We can find \(s_w^2\) by:

\[\text{SS error}=4(10-1)s^2_w=43.2\]

\[s^2_w=1.20\]

Try It!

Compute \(\hat{\sigma}^2\).

\[\begin{align} \hat{\sigma}^2&=\dfrac{N(\overline{M}-1)\sigma^2_w+(N-1)\overline{M}\sigma^2_b}{N\overline{M}-1}\\ &=\dfrac{(400\times 9 \times 1.2)+[(400-1)\times 10 \times 1.957]}{400\times 10 -1}\\ &=3.03 \end{align}\]

And now we can determine the relative efficiency of simple random sampling versus cluster sampling by plugging the values into the formula:

\[s^2_u={\overline{M}}^2 s^2_b=100 \times 1.957=195.7\]

Try It!

Compute the relative efficiency of simple random sampling versus cluster sampling. What does that tell us?

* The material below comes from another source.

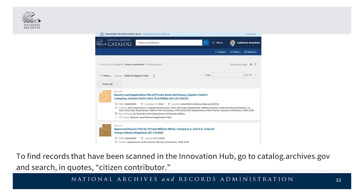To find records that have been scanned in the Innovation Hub, go to catalog.archives.gov and search, in quotes, "citizen contributor."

\[\dfrac{\hat{\operatorname{Var}}(\bar{y}_{\text{SRS}})}{\hat{\operatorname{Var}}(\hat{\mu})}=\dfrac{\overline{M}\hat{\sigma}^2}{s^2_u}=\dfrac{10 \times 3.03}{195.7}=0.155\]

What is this telling us?

Thus, the variance of simple random sampling is just 15.5% of that of cluster sampling if the same sample size is used. We can see that in this example simple random sampling is more efficient if the only variance is considered.

Note! It is a BIG mistake to analyze a cluster sample as if it were a simple random sample, (often with the reported standard error much less than it should be). You will end up being much too optimistic and not conservative regarding your results as you should be.